Es ist die Alterserscheinung, es ist der Marasmus
der bürgerlichen Gesellschaft, von dem auch die jungen Staaten,
die auf dem kapitalistischen System beruhen, nicht verschont bleiben.
Eben, weil sie als kapitalistische Staaten gegründet wurden,
haben sie den Marasmus der bürgerlichen Gesellschaft schon
als Kinderkrankheit mit auf die Welt gebracht. Von diesem Fäulnisprozeß
werden alle Parteien, alle Organisationen, alle Schichten und
alle Klassen ergriffen, die ihr Schicksal an diese bürgerliche
Gesellschaft und an diesen ihren Staat binden.
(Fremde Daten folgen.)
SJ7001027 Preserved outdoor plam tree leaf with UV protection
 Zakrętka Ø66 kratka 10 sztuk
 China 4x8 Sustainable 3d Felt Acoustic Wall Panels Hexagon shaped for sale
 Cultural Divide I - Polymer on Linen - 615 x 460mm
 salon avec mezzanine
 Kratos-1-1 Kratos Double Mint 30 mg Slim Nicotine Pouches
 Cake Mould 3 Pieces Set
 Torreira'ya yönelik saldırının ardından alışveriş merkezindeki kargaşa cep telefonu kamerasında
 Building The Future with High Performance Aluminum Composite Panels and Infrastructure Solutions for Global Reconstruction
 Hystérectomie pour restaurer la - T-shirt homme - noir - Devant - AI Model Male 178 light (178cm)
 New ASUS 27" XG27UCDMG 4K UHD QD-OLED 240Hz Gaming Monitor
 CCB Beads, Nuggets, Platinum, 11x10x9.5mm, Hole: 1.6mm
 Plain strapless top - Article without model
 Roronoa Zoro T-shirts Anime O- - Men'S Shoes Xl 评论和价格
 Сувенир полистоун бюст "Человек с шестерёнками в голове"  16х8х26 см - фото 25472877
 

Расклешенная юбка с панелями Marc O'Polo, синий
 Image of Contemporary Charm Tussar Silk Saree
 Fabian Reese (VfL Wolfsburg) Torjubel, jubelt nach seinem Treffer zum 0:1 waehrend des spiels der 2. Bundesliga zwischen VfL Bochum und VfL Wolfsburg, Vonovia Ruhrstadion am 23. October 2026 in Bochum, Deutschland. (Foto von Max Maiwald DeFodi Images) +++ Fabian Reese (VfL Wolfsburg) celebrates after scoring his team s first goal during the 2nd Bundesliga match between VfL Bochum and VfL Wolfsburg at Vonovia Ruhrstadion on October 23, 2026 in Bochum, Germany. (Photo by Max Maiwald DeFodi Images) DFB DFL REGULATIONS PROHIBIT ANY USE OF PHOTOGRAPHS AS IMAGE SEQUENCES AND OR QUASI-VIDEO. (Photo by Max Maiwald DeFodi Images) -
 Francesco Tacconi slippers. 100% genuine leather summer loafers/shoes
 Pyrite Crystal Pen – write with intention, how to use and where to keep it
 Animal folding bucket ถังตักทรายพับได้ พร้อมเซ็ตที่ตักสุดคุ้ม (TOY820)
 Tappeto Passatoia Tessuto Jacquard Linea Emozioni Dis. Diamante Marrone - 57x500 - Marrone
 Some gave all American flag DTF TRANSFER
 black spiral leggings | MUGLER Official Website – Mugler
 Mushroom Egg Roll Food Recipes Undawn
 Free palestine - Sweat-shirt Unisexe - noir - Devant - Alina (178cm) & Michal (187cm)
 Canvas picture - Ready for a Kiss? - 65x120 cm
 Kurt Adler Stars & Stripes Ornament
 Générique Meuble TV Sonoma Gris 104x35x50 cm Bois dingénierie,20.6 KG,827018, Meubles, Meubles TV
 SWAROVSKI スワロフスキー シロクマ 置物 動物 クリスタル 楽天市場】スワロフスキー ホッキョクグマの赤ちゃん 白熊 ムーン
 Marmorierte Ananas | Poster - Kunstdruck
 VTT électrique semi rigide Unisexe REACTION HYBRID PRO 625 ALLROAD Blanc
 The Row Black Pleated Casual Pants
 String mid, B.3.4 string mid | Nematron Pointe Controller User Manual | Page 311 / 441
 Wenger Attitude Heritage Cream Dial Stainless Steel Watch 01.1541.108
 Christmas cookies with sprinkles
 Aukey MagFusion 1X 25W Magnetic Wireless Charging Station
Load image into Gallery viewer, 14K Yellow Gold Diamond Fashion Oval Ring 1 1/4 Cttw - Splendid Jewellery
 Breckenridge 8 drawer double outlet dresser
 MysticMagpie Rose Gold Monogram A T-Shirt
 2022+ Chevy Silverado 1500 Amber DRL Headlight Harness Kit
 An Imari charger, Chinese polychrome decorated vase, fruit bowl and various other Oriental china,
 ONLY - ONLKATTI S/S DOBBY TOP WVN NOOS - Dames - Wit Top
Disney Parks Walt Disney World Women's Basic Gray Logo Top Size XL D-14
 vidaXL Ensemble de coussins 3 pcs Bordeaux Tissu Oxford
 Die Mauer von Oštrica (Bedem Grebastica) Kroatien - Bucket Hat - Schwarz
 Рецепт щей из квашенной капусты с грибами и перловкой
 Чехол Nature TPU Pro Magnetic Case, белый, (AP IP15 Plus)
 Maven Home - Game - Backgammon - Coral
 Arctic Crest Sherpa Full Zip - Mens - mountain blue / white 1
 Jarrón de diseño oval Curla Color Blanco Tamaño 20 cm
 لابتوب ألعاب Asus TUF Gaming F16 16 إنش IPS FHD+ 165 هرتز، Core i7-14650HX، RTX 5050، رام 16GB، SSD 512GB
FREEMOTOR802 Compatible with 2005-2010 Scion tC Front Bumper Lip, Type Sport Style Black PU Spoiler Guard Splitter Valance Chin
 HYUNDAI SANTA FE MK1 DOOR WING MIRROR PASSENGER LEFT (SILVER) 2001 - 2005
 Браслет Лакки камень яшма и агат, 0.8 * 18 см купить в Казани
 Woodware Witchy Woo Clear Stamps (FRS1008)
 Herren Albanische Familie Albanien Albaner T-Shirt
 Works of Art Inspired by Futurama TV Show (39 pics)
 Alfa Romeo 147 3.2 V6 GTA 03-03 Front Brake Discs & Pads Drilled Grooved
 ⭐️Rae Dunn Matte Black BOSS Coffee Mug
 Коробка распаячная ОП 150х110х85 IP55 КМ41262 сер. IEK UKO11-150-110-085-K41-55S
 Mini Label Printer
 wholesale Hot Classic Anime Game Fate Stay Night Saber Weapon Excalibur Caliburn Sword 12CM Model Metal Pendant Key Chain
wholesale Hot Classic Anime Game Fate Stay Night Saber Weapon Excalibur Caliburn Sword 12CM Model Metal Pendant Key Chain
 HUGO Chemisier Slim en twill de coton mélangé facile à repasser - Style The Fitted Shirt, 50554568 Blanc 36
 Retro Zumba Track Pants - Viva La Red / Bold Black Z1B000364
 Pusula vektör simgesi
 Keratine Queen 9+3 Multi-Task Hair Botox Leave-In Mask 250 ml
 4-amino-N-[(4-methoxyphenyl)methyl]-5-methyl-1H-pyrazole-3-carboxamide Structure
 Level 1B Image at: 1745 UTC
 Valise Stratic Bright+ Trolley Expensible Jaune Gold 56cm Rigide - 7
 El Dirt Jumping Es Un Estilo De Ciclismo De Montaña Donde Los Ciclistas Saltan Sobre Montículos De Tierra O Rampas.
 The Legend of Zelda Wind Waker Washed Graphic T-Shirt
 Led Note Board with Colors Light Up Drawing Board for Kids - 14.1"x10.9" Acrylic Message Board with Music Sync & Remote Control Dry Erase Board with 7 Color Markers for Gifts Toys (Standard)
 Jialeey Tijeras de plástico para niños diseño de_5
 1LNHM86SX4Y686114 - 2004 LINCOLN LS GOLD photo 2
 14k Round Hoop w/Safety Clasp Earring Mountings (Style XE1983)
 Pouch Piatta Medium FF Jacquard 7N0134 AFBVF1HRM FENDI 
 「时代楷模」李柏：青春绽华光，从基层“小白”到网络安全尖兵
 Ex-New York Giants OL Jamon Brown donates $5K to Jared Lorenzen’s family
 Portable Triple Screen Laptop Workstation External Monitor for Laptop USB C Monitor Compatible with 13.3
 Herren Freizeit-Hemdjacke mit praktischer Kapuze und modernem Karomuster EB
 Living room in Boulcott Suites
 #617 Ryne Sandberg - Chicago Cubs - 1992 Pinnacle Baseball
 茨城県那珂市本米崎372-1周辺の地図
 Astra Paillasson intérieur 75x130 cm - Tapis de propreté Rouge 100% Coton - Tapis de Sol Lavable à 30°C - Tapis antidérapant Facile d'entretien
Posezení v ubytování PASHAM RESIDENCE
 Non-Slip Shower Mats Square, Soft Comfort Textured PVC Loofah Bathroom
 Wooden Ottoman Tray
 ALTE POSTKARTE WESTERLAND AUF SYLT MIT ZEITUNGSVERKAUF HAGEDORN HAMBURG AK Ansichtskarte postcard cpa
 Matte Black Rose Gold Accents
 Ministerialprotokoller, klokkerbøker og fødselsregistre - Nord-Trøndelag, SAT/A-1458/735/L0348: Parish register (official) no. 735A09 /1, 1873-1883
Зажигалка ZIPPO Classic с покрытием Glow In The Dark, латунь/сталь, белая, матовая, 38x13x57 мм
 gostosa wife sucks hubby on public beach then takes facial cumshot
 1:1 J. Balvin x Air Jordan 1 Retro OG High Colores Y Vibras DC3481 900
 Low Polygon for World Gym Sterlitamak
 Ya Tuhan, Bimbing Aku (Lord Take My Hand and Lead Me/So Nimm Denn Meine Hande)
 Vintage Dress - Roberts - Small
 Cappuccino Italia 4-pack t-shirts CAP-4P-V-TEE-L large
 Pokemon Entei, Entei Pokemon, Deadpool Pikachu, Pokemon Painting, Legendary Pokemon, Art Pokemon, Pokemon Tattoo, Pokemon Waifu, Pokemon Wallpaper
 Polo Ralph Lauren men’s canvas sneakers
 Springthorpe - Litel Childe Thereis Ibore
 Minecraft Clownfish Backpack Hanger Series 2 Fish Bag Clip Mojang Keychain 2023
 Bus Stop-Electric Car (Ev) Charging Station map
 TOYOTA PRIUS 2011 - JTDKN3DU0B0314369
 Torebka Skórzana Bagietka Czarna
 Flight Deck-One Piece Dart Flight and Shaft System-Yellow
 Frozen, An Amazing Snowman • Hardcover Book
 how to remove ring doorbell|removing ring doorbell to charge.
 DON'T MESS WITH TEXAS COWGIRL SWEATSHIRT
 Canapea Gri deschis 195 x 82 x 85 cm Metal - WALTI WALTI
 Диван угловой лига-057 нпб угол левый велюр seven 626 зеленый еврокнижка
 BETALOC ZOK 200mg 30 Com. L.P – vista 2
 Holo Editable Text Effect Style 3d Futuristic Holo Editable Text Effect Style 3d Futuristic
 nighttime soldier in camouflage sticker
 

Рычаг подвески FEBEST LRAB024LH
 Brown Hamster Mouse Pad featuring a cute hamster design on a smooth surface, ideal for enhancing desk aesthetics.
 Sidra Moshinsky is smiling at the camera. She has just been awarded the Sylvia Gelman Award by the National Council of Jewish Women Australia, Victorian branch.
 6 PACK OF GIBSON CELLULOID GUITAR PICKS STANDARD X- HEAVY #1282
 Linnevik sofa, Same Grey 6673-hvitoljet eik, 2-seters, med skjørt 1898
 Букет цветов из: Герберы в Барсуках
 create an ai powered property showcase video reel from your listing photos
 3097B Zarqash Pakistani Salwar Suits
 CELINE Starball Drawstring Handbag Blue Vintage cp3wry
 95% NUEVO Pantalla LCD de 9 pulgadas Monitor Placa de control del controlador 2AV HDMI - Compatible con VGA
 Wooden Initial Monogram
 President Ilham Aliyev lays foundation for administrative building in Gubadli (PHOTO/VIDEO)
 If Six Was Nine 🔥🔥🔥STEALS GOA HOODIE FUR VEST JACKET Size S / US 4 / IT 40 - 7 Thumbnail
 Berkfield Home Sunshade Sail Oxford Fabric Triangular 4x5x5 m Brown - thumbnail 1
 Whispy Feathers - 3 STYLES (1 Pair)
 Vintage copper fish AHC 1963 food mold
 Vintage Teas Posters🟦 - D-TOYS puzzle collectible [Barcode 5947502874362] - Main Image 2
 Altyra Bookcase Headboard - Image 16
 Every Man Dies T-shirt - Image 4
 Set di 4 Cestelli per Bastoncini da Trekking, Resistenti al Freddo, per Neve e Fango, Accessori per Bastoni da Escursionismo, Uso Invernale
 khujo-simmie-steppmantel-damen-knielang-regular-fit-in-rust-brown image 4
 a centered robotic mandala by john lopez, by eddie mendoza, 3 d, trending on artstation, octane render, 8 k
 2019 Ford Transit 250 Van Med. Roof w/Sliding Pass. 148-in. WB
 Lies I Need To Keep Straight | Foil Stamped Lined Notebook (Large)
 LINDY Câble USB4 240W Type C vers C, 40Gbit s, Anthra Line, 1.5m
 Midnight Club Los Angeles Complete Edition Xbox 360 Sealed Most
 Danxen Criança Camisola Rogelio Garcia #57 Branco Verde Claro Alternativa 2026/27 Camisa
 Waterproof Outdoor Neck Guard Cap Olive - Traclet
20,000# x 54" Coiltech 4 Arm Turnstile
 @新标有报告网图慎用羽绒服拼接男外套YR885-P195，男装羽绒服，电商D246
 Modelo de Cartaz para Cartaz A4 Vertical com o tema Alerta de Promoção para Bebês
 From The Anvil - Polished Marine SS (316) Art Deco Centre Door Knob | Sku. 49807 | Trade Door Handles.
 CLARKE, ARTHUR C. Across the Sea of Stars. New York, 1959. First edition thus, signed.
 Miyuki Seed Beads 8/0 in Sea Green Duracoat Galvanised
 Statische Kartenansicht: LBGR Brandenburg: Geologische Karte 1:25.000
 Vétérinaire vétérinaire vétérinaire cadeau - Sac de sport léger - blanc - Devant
Durch die Verknüpfung
ihrer Politik mit dem bürgerlichen Staate, durch ihre Koalition
mit der Bourgeoisie werden, wie das Beispiel der Koburgaffäre
zeigt und auch schon andere Affären gezeigt haben, auch Arbeiterparteien
in die Atmosphäre der Korruption gebracht und von diesem
Fäulnisprozeß ergriffen. Diesmal wenigstens hat sich
ein politisches Wunder ereignet: Die ehemaligen sozialistischen
Regierungsparteien verlangen eine parlamentarische Untersuchung
der Affäre. Solange sie in der Regierung waren, haben sie
sich gegen jedwede parlamentarische Untersuchung jedweder Korruptionsaffäre
immer gesträubt. Man sieht, auch die wenigstens teilweise
Trennung von der Bourgeoisie wirkt schon ganz günstig auf
diese Parteien ein. Hoffentlich bleibt es nicht bei diesem Schritt,
hoffentlich zwingt die proletarische Anhängerschaft dieser
Parteien ihre Führer, nicht hier stehen zu bleiben und nicht
nur die widerlichsten Folgeerscheinungen der Koalition mit der
Bourgeoisie zu bekämpfen, sondern sich überhaupt von
der Bourgeoisie, von jedweder Koalition mit ihr auf immer loszulösen
und den Weg einer wirkliche proletarischen Klassenpolitik zu beschreiten,
die allein geeignet ist, nicht nur der Fäulnis der Korruption,
nicht nur den Begleiterscheinungen der Zersetzung der bürgerlichen
Gesellschaft, sondern dieser ganzen Gesellschaft selbst und ihrer
ökonomischen Grundlage, den Kapitalismus, ein Ende zu bereiten.